A voz poética segue, indicando estar em casa com o
afetivo objeto:
"Enquanto isso/ bem diante de mim/ minha filha/ de
mãos dadas com sua mãe/ aprende a andar".
Como arremate, surge a indagação, comovida, a respeito
dos passos que aqueles pequenos pés ainda descalços vão empreender.
Cogitar essa possibilidade, a filha caminhando no
futuro, em alguma medida, mesmo minimamente, também dialoga com a ideia de
perda – uma e apenas uma (importante ressaltar) das temáticas de Robinson Crusoé e seus amigos.

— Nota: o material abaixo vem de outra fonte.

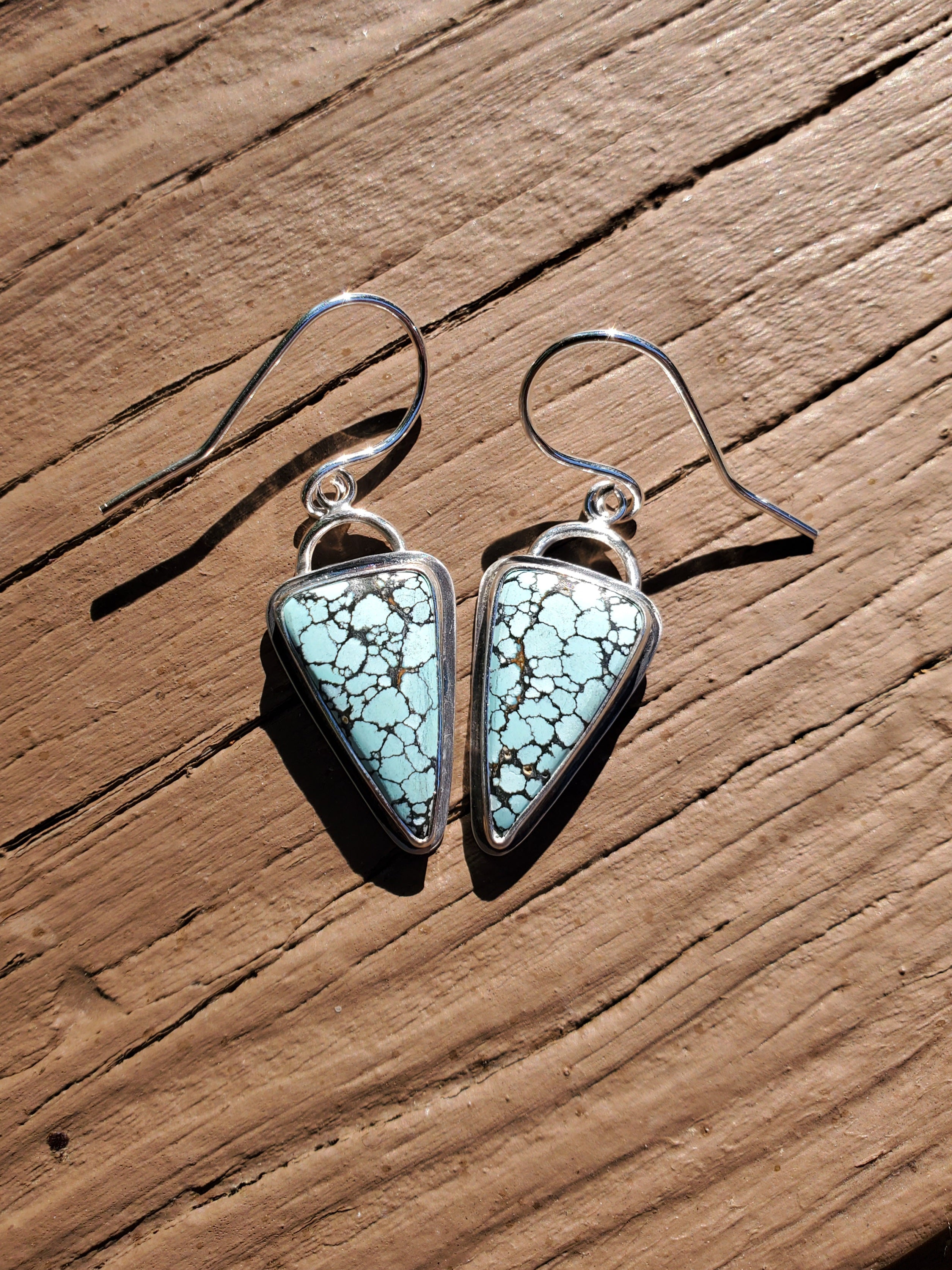 SOLD - Blue Moon Turquoise Inverted Triangle Dangle Drop Earrings in Solid Sterling Silver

Já o poema "Quando der meia-noite" materializa
um sujeito despedindo-se de uma cidade, de tudo o que ela tem e não mais
oferecerá a ele:
"chegue mais perto da janela/ e ouça as canções e
as vozes/ bêbadas lá fora/ e dê adeus a ela/ à cidade do Rio de Janeiro/ que
você acaba de perder".
A inquietação de um solitário, acompanhado, é traduzida
em "Última noite", espécie de oração diante do caos ou, até mesmo, desalento
de quem espera Godot:
"Nós dois sentados no meio-fio/ apagando contra o
chão/ um por um os nossos cigarros/ nós dois apagando/ cigarros contra o chão/
como quem derruba lá de cima/ uma por uma as estrelas".
Os poemas desta obra tratam, como já foi mencionado, de
perdas e também traduzem o que pode ser a solidão ou, como Nelson Rodrigues tão
bem definiu, um Robinson Crusoé sem radinho de pilha – o que todos somos, até e
sobretudo se estivermos em um charivari com outros Robinsons ou isolados em
casa postando em redes sociais um comentário sobre um livro de poemas.